As an expat in a new country, you may have very specific ideas about your ideal home and you may find it hard to find a home that lives up to them. You may come across a home that has a lovely kitchen, only to look further and discover that the bedroom is too small. Or the bathroom may be just what you wanted, but the house has barely any yard. Plus, there is the matter of moving to a new, different country, which is a big life decision in itself. Building a home is an investment, but it can help you to create exactly what you wanted, rather than settling for less. As with any other investment, however, it is vital to do your research and get the answers to all your questions.Panama is located in the southern territory of Central America and shares borders with Colombia and Costa Rica in the southeast and west respectively. In the north lies the Caribbean Sea, and in the south there is the Pacific Ocean. The Panama Canal is known throughout the world and has served as an important trade and transportation route between the Pacific and Atlantic territories. Panama offers all the amenities one needs and prices are affordable, as the country’s economy is still growing. Expats will find that there are excellent properties for sale in Panama that may be hard to come by in other parts of the world.

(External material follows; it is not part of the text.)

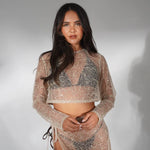 Lacey Co-ord Set in nude lace with long sleeves and high slit skirt — Deme Studio | Endless UAE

Foreigners have the same rights as citizens of Panama when it comes to property ownership. The procedure of buying real estate here is simple and easy. There are not the same tiresome property laws in Panama that may be present in other countries. However, it is still important to be cautious when purchasing real estate in Panama, even though there are few hassles.

Points to consider

There are certain factors that must be kept in mind when buying property in Panama.

Land costs: Panama, being a small country, has a variety of pricing based on the location and typography of the area. Land closer to beach areas and mountainous regions is more expensive. The advantage of buying land in Panama is the proximity to everything. It is possible to live in a home in the mountains and still make it to the beach in just fifteen minutes.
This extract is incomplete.